There are many things in this world that are so adorable that, as an adult male,  I cannot handle. Baby pygmy hippos, narcoleptic goats and three legged dogs are some of them.  ATTACK OF THE FRIDAY MONSTERS! A TOKYO TALE tops the list. You control 4th grade student Sohta as you investigate the mysterious monsters that appear every Friday night in your town.  The setting is 1970’s Japan, when giant monster shows like Godzilla and Super Sentai (original Japanese Power Rangers) were beginning to become popular, so the children of the town are all enthralled by the appearance of monsters.  The story is amazingly cute and the dialogue is clever and well written.  The conversations Sohta has with the other characters, which is the bulk of gameplay, are funny and often made me legitimately laugh.  The hand drawn artwork is gorgeous and looks like it is straight out of a Hayao Miyazaki movie.  The computer-rendered models fit decently into the hand-drawn environments, and the 3D is almost nonexistent, but that isn’t a big deal since I play with 3D off anyway.


The problem with ATTACK OF THE FRIDAY MONSTERS! is that I’m not entirely sold that it is a GAME.  Yes, it is on a video game handheld and you do interact with the game by pressing buttons, but that is about it. The gameplay mainly consists of walking around and talking to people. Sure, other games focus on conversation almost entirely as well, but usually there is a choice or some other aspect involved.  In ATTACK OF THE FRIDAY MONSTERS! there are “Episodes” that are initiated by talking to various people in the town, and then resolved by talking to other people in the town.

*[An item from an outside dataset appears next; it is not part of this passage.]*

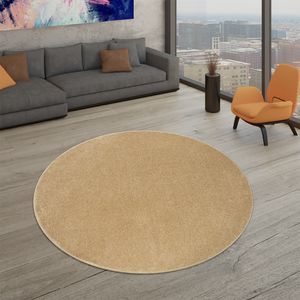 Wohnzimmer Teppich Kurzflor Unifarbendes Design Modern Und Zeitlos Größe Ø 120 cm Rund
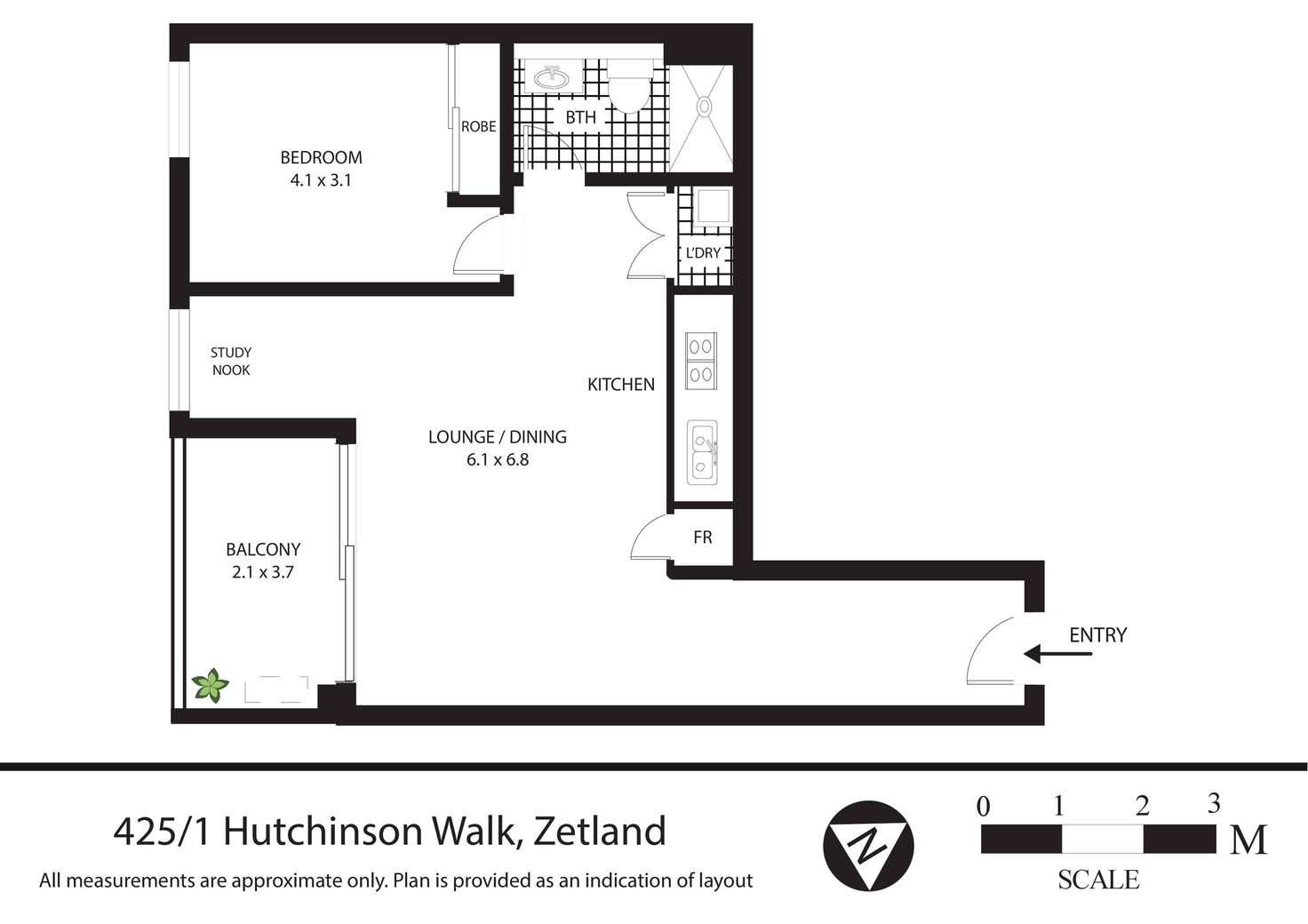 Floorplan of Homely apartment listing, 425/1 Hutchinson Walk, Zetland NSW 2017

To progress the main storyline, you just  talk to the RIGHT people in the town. This results in the majority of the 3-4 hour game being: Talk to everyone in town, advance the story, everyone moves around, talk to everyone in town again.  Rinse and repeat. The storyline is great and I definitely enjoyed it, but the game ends up feeling rather flat.


There is a card battle mini game, but it is just dolled up Rock, Paper, Scissors.  You each have five card, each with either a rock, paper or scissors symbol, then then you arrange them face down against your opponent.  The game then tells you how many wins, losses and draws each player has, reveals two of the match-ups then allows you to shift the position of two cards. It is very simplistic and once you figure it out, it is easy to win almost every time unless you just get atrocious luck.  You gain cards by gathering “Glim” scattered throughout the world, but the motivation to find them is very minor considering the Monster Card game is pretty simple, and you get many Glim by just completing the Episodes. Also, for most of the game there are only 4 or 5 opponents and once you beat them once, you become their boss so they help you investigate the city (and cast a spell on them that causes them to fall down. No, this does not get old), but if you played them again and lost they would become YOUR boss and stop helping you, so there is little incentive to play any opponent after you have become their boss.


After you complete the story mode there is a “bonus day” with a few Episodes and more people to play Monster Cards against, but there is no incentive to play them.  You will get more Glim, sure, but then you just get more cards to play against the same people!  There is no reward beyond the few extra Episodes and those take only a moment to complete anyways.


I loved the story and characters in ATTACK OF THE FRIDAY MONSTERS! A TOKYO TALE, but I felt like I might as well have been watching an Anime rather than playing a game.  The minigame was easy and two dimensional and, without any proper incentive to play it, forgettable. I really wish this game was better. I wish it had the depth of gameplay that the story and writing deserved, but there wasn’t much there.  Running around and talking to people was FINE, but it was boring. I would love to be able to play this game multiple times to uncover more about the story, but after you beat it in a couple of hours, there is little reason to ever touch it again.